A critically endangered species has been given a boost with the birth of a Lake Alaotra gentle lemur at the Wild Place Project in Gloucestershire, part of Bristol Zoo.

The primate is close to extinction in its native Madagascar because of  hunting, destruction of the reed beds on which it feeds and illegal capture for the pet trade – Gerald Durrell described it as a honey-coloured teddy bear – with only 2,500 remaining. (72 words)

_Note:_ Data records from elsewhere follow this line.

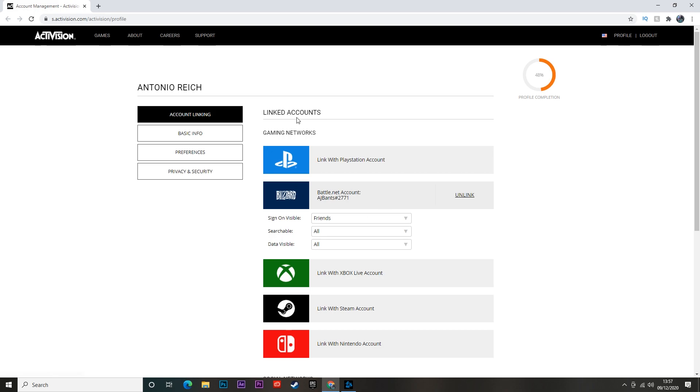Just link your Battle.net and your Activision account together, and this is another method of solving the issue. Do not ask me why this works, but for some reason it does. When you haven't got it linked, it can cause the game to crash more often. Like I said, I'm not sure why that causes the game to crash, but it does.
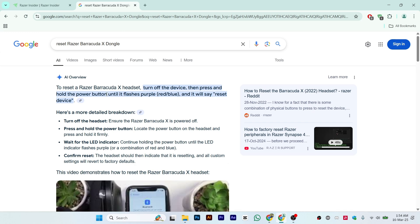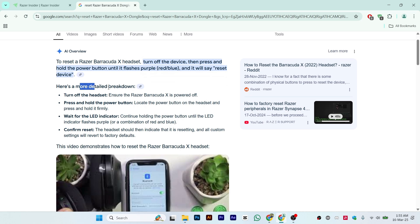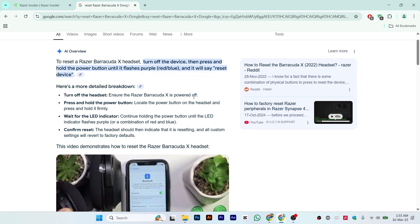Then press and hold the power button until it flashes purple, red, blue, or any light, and it will say reset device. This is how you can reset the device. If you want a complete detailed breakdown: turn off the headset, ensure the Razer is powered off, press and hold the power button. Locate the power button on the headset and press and hold it firmly.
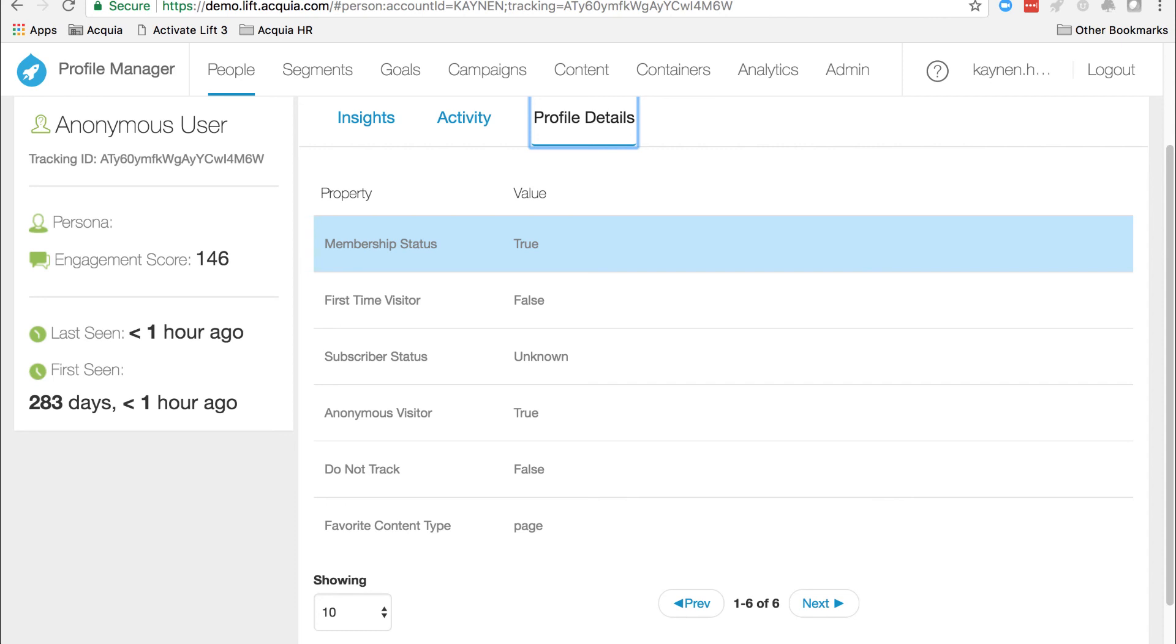Congratulations. You've just created custom column metadata in lift, and you've successfully used the lift JavaScript API to capture additional data.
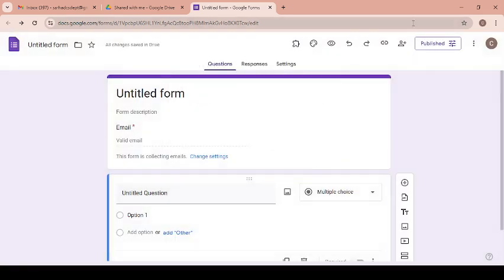You can observe the effect here. This is now published. In this way, you can publish your form. Just click on publish and check it out.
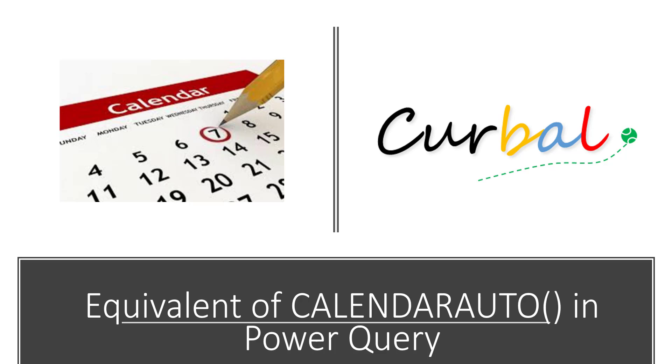Hello and good evening, this is Rut Bozuelo from Curbal.com. Today we're going to do another video on calendars. I've done a lot of these videos, and I should probably bundle them up in a playlist. What we're going to do today, something I haven't done in any of my previous videos, is create an equivalent of Calendar Auto in Power Query.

By the way, if you want to see how much work the i put into this story, see this press release.




Times, May 22, 2020

When quoting someone you must obviously try to be accurate, but there is such a thing as being ridiculously obsessive. Here we have an unidentified woman who presumably said ‘. . . my son told me he thought the books might be valuable.’ Perhaps to avoid repeating ‘books’ in the quote, the reporter or sub has changed ‘the books’ to [they]. Let us imagine what might have happened if square brackets had not been inserted to show that it was a paraphrase.

Unidentified woman – an apology

On May 22 we reported that a woman who sold a first edition of Harry Potter and the Philosopher’s Stone at auction for £36,300 said: ‘. . . my son told me he thought they might be valuable.’ We are now informed that the woman said: ‘. . . my son told me he thought the books might be valuable.’ We apologise for the error, which was introduced in editing, and for any embarrassment caused.

This kind of thing comes up repeatedly. Use your judgment and if you are keeping the sense of what was said, that’s fine. To be honest I can’t see the point of paraphrasing the quote – that is how people talk, with repetitions.  We should not expect them to be orators.


The Times, May 8, 2020

Here is a good example of someone putting zero thought into a cross-reference and being content with rubbish. A swap means an exchange and it is obviously nonsensical to suggest that shoes could be exchanged for compost. A better word would have been ‘wellies’, perhaps, or ‘gardening clogs’ – something which is the opposite of high heels.


The Times, April 30, 2020

This could have been set as a test paper for aspiring subs. In this case, the candidate failed miserably.

First, it is not clear how many chicks have hatched. The intro says two, but the rest of the copy suggests only one at time of writing. The intro also says ‘this week’ when the first chick is said to have hatched yesterday. You should never waste a yesterday line – ‘this week’ sounds like a local paper.

Second, of course they were unaware that they were being watched – they are birds. This kind of statement of the obvious is juvenile and tiresome.

In the third par, we have ‘hatch’ twice and ‘hatching’ once. One is enough. The second sentence could have been: ‘The whole process takes about 72 hours from pipping, when the shell is breached by the chick within.’

Par 4: ‘the female was laying on the eggs’. This is badly wrong. ‘Laying’ is a present tense form of ‘to lay’, which is a transitive verb, meaning that it is accompanied by an object. Examples would be ‘She is laying the table’ or ‘the bird is laying eggs’. Presumably the word was meant to be ‘lying on the eggs’, a present tense form of the word ‘to lie’. But birds don’t ‘lie’ on their eggs, they ‘sit’ on them.

Par 5: ‘Raise’ means to lift, to gain height, so ‘up’ is redundant.

In the third leg, if you are telling the story of the development of the chick, do it chronologically. Don’t start with it flying, then go back to being newly hatched. I have shown how the pars should be re-arranged.

‘Weigh in’: Jockeys weigh in after a race, and this is the only use for the expression. Babies or chicks weigh a certain amount.

Last par but one: We know the birds have a chick so by definition they are ‘successful’. Another redundant word.

Last par: We have established quite thoroughly that the story is about peregrines, so you don’t need two more repetitions of the name.




This is the weekly column which deals with readers’ criticisms of perceived inaccuracies in the Times. Oddly enough, the readers are often in the wrong. You would expect such an oracle to have a perfect grasp of English.

The Times, April 25, 2020 (I managed to cross out ‘added’ by accident)

‘Bonus’ means added or extra. ‘Added bonus’ is therefore a tautology, or a way of saying the same thing twice, as in ‘razed to the ground’.